Stored dataset items
● ● ● ● ● ● ●

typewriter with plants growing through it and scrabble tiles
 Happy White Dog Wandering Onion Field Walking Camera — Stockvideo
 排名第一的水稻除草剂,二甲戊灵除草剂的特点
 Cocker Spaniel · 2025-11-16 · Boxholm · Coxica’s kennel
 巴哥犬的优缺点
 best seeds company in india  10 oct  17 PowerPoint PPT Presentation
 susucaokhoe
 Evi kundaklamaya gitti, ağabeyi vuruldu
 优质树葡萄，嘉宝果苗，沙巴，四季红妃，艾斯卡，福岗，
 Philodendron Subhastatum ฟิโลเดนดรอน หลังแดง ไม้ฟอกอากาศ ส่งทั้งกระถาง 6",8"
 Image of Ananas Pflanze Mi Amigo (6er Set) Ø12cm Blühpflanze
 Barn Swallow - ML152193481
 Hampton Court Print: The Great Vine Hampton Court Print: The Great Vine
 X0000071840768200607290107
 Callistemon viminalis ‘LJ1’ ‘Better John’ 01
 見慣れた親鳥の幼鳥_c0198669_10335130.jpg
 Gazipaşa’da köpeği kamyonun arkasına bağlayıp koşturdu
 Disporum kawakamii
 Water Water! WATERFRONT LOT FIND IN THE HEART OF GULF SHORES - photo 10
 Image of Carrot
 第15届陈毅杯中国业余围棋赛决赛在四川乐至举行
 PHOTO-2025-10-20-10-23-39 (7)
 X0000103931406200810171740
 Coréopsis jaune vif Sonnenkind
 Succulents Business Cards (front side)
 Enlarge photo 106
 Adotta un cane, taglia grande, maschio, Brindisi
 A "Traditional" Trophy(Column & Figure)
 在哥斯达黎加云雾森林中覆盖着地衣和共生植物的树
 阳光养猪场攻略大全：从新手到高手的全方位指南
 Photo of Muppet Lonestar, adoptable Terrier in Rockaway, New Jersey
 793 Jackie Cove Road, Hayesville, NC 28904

● ● ● ● ● ● ●

Instructions for the task => Return only the number of lines in the preceding records that contain the string "Image".

Answer area => 2